**Work request**
After removing every image, reproduce the data exactly as it appears.

**Stored data**
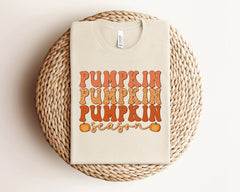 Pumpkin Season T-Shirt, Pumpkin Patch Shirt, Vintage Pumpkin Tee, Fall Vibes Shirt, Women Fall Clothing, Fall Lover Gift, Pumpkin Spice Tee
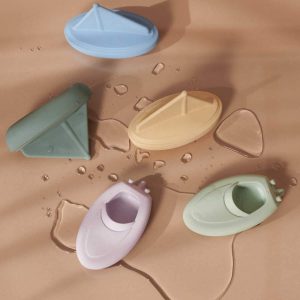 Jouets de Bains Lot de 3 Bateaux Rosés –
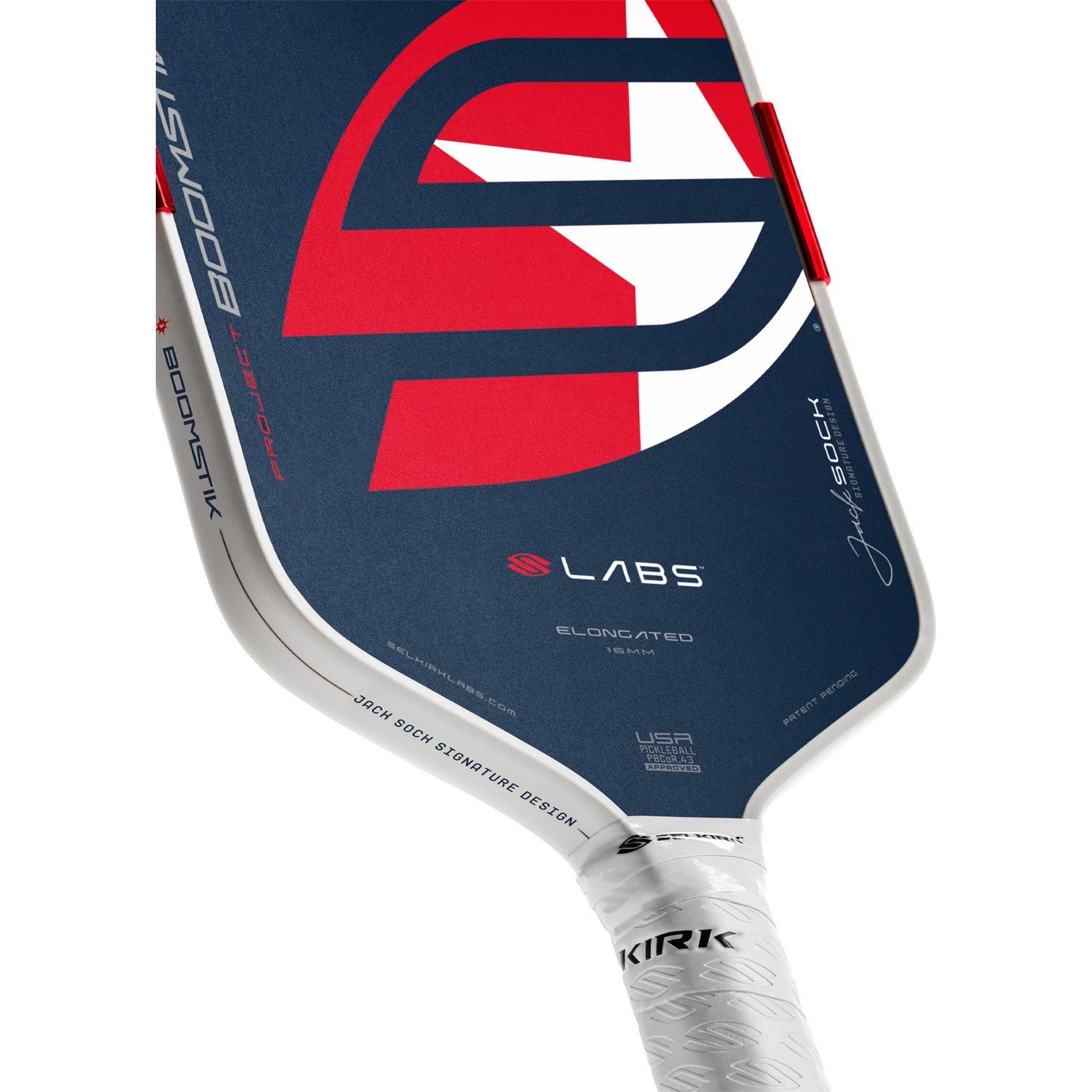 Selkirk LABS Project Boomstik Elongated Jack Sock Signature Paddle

**Answer box**
 Pumpkin Season T-Shirt, Pumpkin Patch Shirt, Vintage Pumpkin Tee, Fall Vibes Shirt, Women Fall Clothing, Fall Lover Gift, Pumpkin Spice Tee
 Jouets de Bains Lot de 3 Bateaux Rosés –
 Selkirk LABS Project Boomstik Elongated Jack Sock Signature Paddle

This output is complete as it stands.